* Recorded data *
- Opening Delimiter -
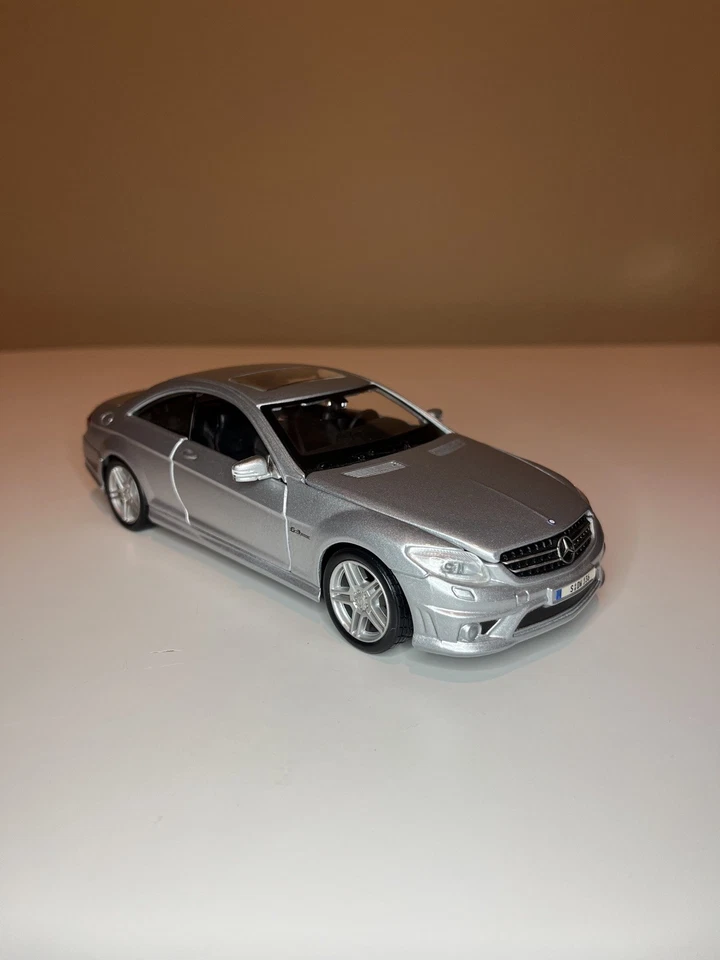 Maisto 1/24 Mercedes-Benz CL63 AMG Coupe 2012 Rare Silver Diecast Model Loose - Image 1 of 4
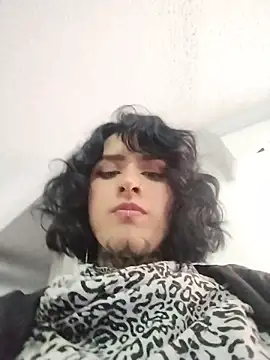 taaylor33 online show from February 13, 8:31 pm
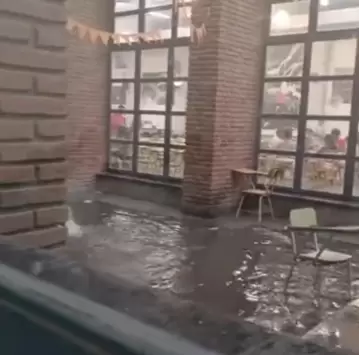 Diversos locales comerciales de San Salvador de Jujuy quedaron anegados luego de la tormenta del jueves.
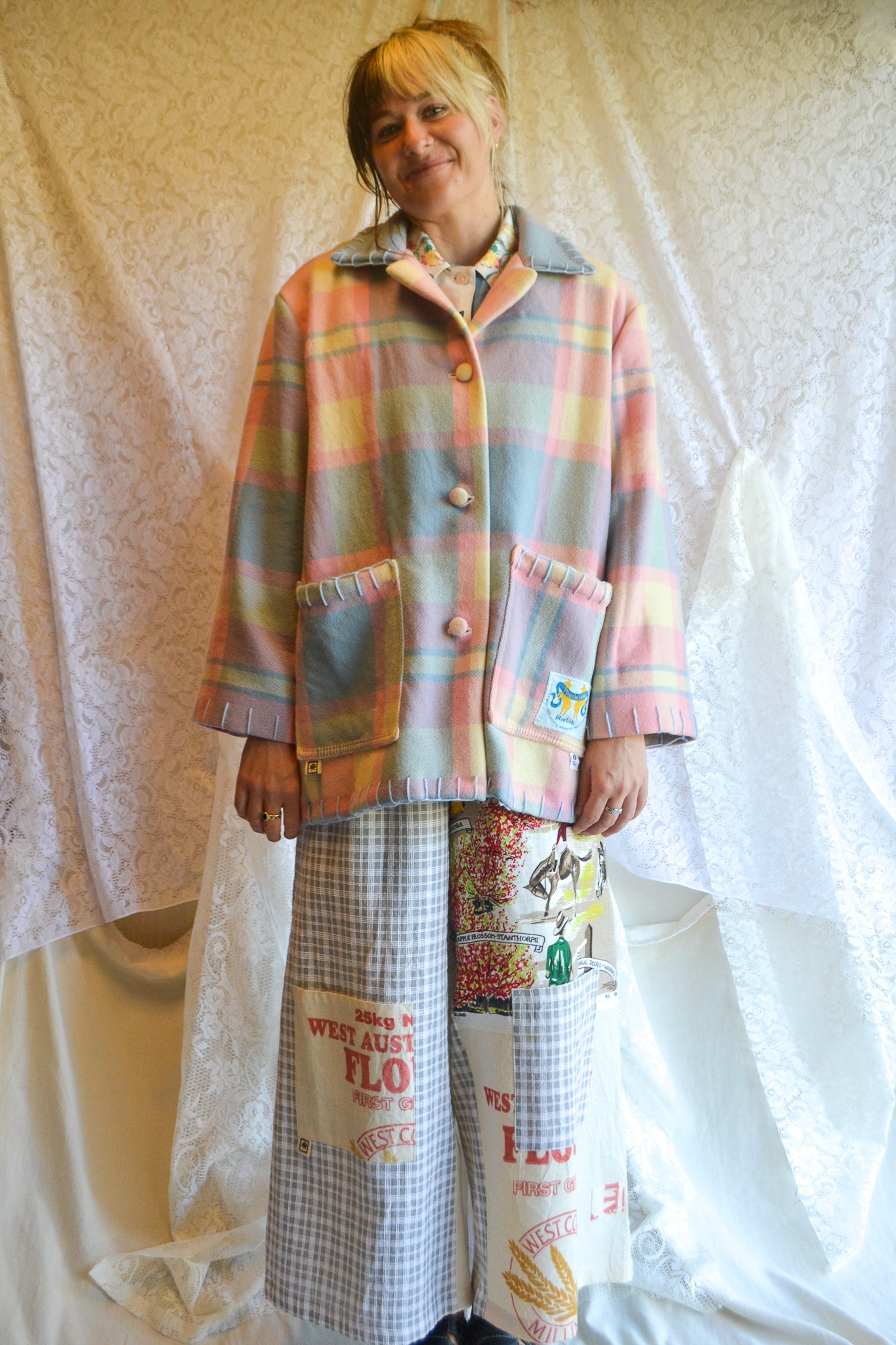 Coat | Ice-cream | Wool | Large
- Closing Delimiter -
* What to work on *
Reproduce every line above exactly, pictures excluded.

* Answer area *
 Maisto 1/24 Mercedes-Benz CL63 AMG Coupe 2012 Rare Silver Diecast Model Loose - Image 1 of 4
 taaylor33 online show from February 13, 8:31 pm
 Diversos locales comerciales de San Salvador de Jujuy quedaron anegados luego de la tormenta del jueves.
 Coat | Ice-cream | Wool | Large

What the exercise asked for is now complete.